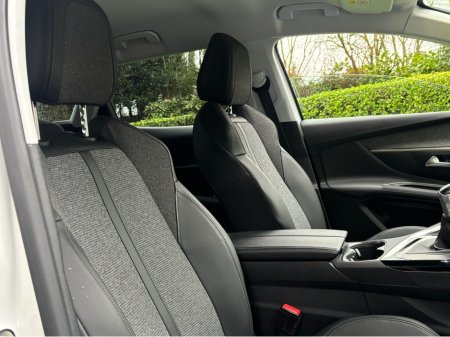 2019 Peugeot 3008 ALLURE 1.2 *1 OWNER*IRISH CAR*LOW KLMS*AA AAPROVED* €17,950 thumbnail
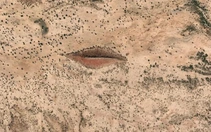 ‘Đôi môi khổng lồ’ giữa sa mạc Sudan gây sốt trên Google Earth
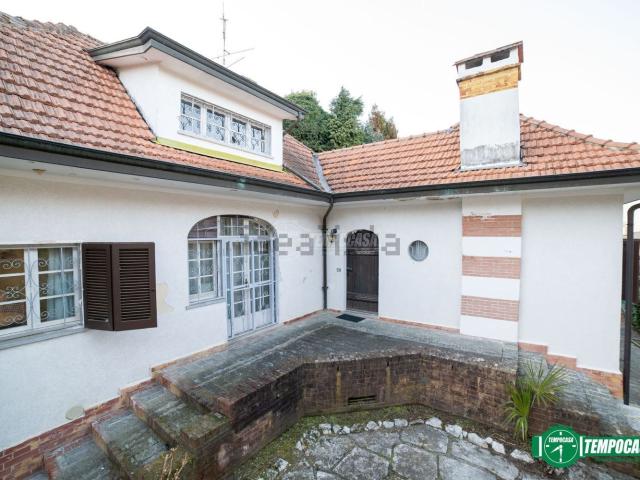 Case e ville in affitto di 180 m² in Via degli Alpini, 3
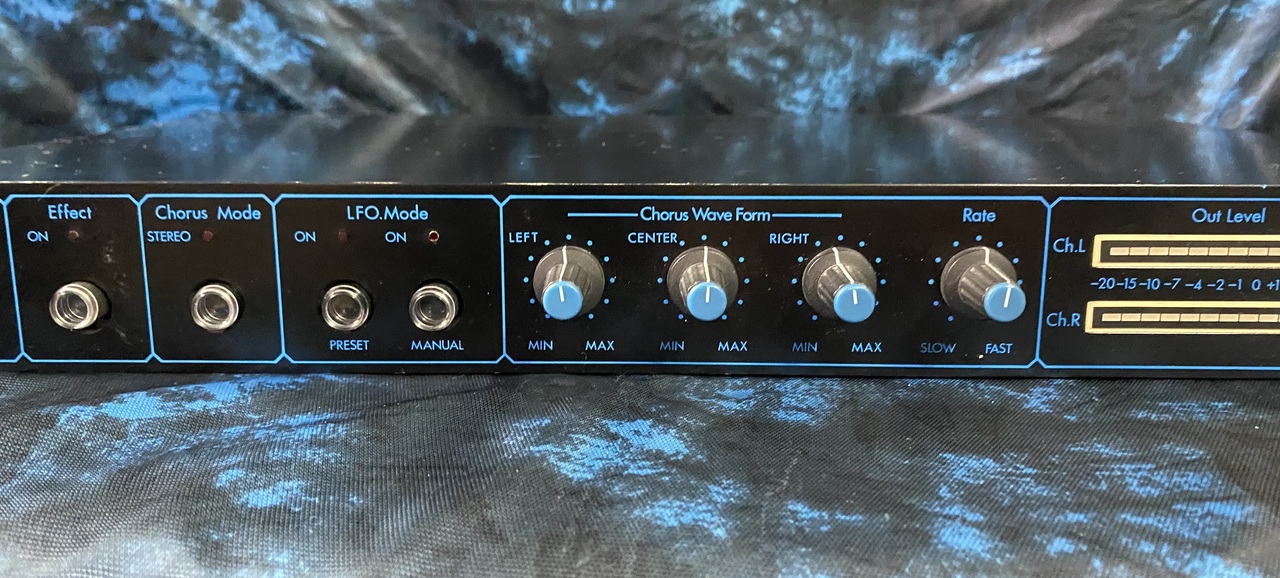 【希少】SONG BIRD TSC-1380S 送料込み！ SongBird TSC 1380S TRI STEREO CHORUS SPLITTER（中古）【楽器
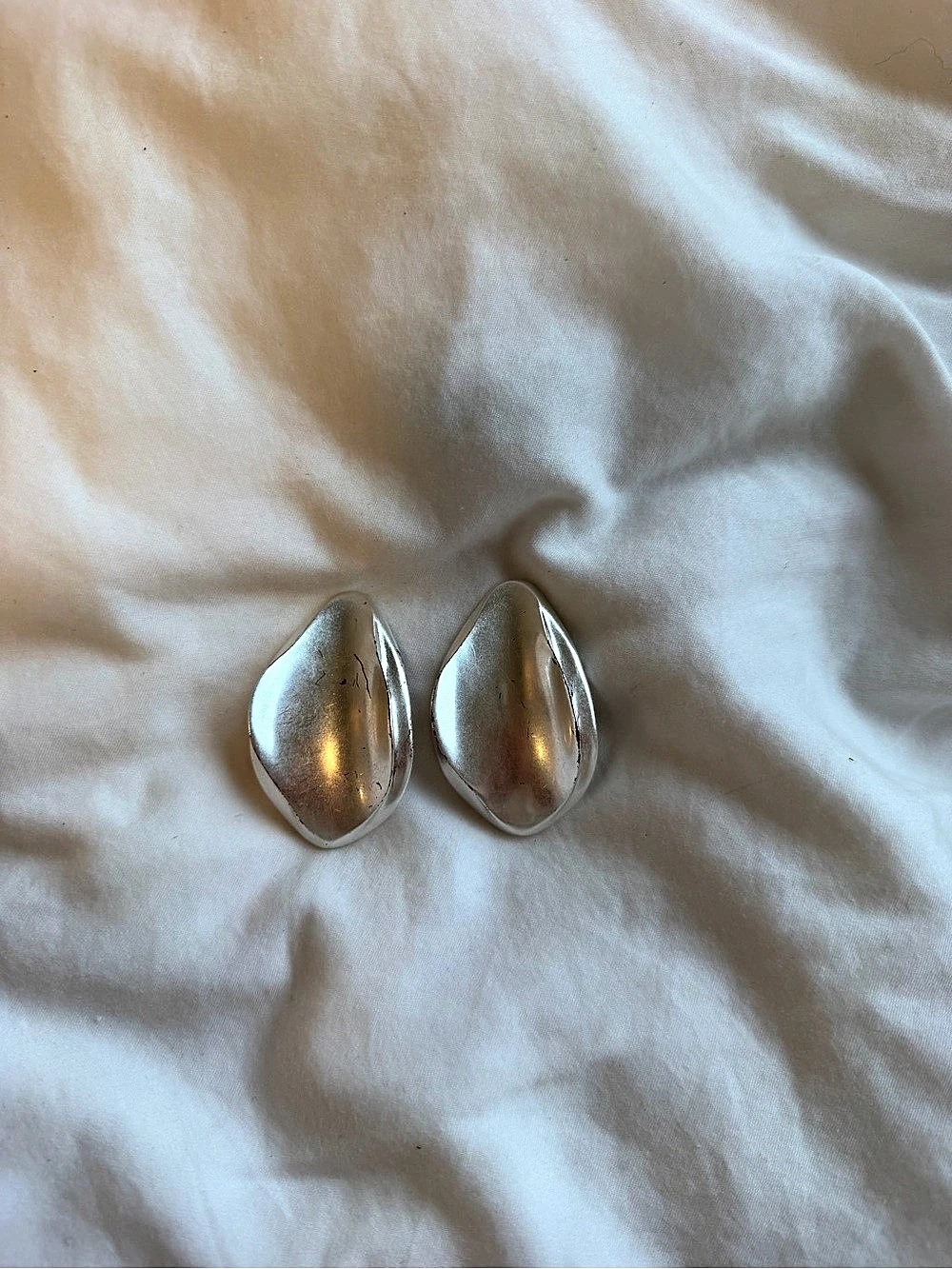 NEW Cult Gaia Erin Earrings Teardrop Silver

○ ○ ○ ○

◆ What you will do
Every line from the one containing "STEREO CHORUS SPLITTER（中古）【楽器" to the final line of the records must be transcribed exactly, both ends included, with the pictures left out.

◆ Written response
 【希少】SONG BIRD TSC-1380S 送料込み！ SongBird TSC 1380S TRI STEREO CHORUS SPLITTER（中古）【楽器
 NEW Cult Gaia Erin Earrings Teardrop Silver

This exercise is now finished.